Why UPS Really Needs to Find 100,000 Seasonal Workers

October 31, 2019 by Paul Ausick

Back in early September, United Parcel Service Inc. (NYSE: UPS) said that it would hire 100,000 seasonal workers this year to help it deliver the expected glut of holiday packages. The company has announced that level of hiring every year for the past five years or so, but this year the U.S. unemployment rate is just 3.5% (as of September), almost 10% lower than the 3.9% rate in December of last year. Just turning up 100,000 more potential workers is going to be tricky, and hiring them is likely to be more expensive than in the past.

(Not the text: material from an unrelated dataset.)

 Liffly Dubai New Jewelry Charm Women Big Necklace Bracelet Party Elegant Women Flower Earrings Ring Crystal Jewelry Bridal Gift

UPS will hold what it calls a “Brown Friday” employment event on Friday, at which it expects to hire half the total of its planned seasonal staff. The event comprises job fairs in more than 185 locations across the United States, and the company said it plans to hire thousands of job seekers “on the spot.”

The company wants to avoid a repeat of the 2017 holiday season when it and rival FedEx Inc. (NYSE: FDX) failed to deliver about 8% of customer packages on time. Not a bad record until we look at how many actual packages were affected. UPS handled some 800 million deliveries during the 2017 holiday season, and FedEx handled another 425 million. That works out to 98 million packages that were delivered late.

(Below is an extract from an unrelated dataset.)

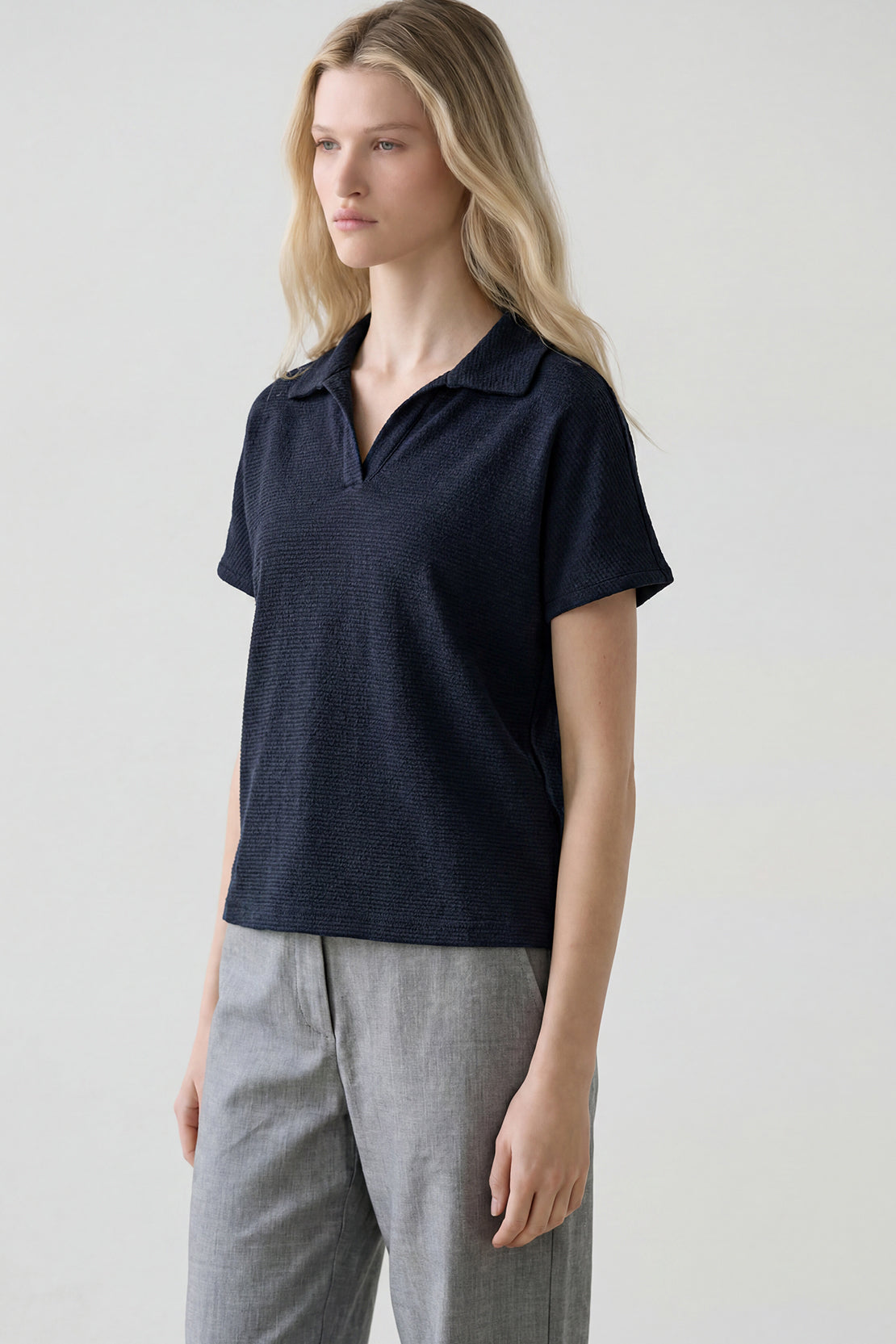 KOKO Textured Knit Cap Sleeve Polo – Navy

Last year, the two delivery giants and the U.S. Postal Service delivered some 2.15 billion packages during the holiday season between Thanksgiving and New Year’s Day, a total of 32 shipping days. This year there are just 26 shipping days between the two bookends of the season, and that translates into a needed improvement of 29% in the three shippers’ ability to deliver goods on time.

Amazon.com Inc. (NASDAQ: AMZN), which continues to develop its own freight delivery service, led FedEx in August to end its shipping contract with Amazon. And because beauty is in the eye of the beholder, UPS saw the break-up as an opportunity to boost its business and has absorbed a portion of the shipping business that FedEx had with Amazon. Those added packages will also put a strain on UPS’s ability to meet expected delivery schedules this year.

The expected growth of holiday shipments, the abbreviated shipping season and the addition of more business from Amazon are the three hurdles UPS needs to clear in order to avoid another holiday season like the one in 2017 and the ill will it caused, to say nothing of the $125 million in additional operating expenses UPS incurred. The company is betting that wage costs, though they may be higher this year, will be worth the expense if UPS can deliver all those packages on time and continue to build goodwill with consumers and, perhaps, a longer-term business relationship with Amazon.